Fue un adiós sin palabras, sin gritos, sin lágrimas… solo el silencio llenándolo todo. Las miradas ya no buscaban encontrarse, y las manos, antes refugio, ahora eran extrañas. No hubo traición, solo una lenta pérdida de sentido, como un atardecer que se apaga sin que nadie lo note. El amor, alguna vez fuego, se volvió ceniza, y con él se fue también el deseo de quedarse. Dolía, pero era un dolor sereno, resignado… como aceptar que lo que alguna vez floreció, ya no volverá a crecer.
No pasó de un día para otro. Primero fueron las respuestas cortas, luego las ausencias disfrazadas de ocupaciones. Después, las sonrisas forzadas y los abrazos vacíos. Y así, sin darnos cuenta, comenzamos a hablar solo para no sentirnos culpables del silencio. Había más distancia en una palabra indiferente que en mil kilómetros.
Lo más triste no fue perder al otro, sino perderme a mí misma en el intento de salvar algo que ya estaba roto. Me olvidé de mis propias emociones para sostener un hilo que se deshilachaba entre mis dedos. Y cuando el alma se cansa… no grita, no llora: simplemente se apaga.

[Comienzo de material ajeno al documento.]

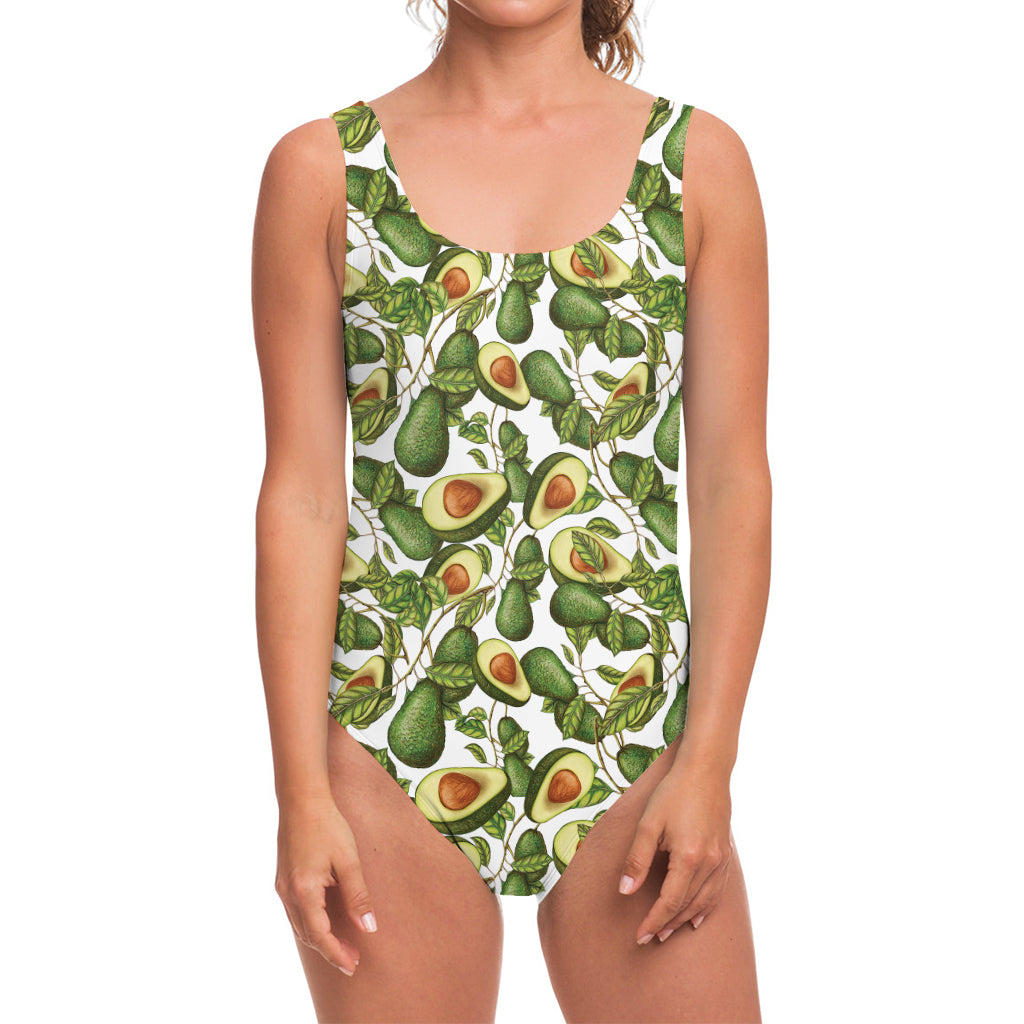 Avocado Cut In Half Drawing Print One Piece Swimsuit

Aceptar que ya no duele como antes, que ya no importa como solía importar, también es una forma de duelo. Y aunque parezca liberación, lleva consigo una tristeza profunda, esa que no se nota pero pesa. Porque dejar ir no siempre es un acto de fuerza, a veces es simplemente rendirse cuando ya no queda nada por sostener.